* TASK TO CARRY OUT
From the data below, retype exactly the lines starting with the one that contains "faldilla Mitsubishi Pajero" and ending with the one that contains "Grace Design M900", both included.

* EXTRACTED DATA
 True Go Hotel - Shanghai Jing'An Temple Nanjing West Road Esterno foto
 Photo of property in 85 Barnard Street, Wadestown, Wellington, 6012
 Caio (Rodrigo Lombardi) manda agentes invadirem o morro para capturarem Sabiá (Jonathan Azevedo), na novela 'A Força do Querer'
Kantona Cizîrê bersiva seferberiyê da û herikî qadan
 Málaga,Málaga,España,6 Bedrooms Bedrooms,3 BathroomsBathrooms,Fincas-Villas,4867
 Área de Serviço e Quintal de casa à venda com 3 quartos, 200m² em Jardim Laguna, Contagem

...

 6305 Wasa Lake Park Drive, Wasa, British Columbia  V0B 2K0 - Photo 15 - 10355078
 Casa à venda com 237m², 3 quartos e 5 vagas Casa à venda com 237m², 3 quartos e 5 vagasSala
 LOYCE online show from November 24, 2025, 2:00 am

...

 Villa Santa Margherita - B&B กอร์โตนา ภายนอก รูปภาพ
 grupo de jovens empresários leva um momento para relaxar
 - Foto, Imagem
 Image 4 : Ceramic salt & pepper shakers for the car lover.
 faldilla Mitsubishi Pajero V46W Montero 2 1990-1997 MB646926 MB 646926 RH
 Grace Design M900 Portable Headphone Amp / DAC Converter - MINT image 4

* WRITTEN SOLUTION
 faldilla Mitsubishi Pajero V46W Montero 2 1990-1997 MB646926 MB 646926 RH
 Grace Design M900 Portable Headphone Amp / DAC Converter - MINT image 4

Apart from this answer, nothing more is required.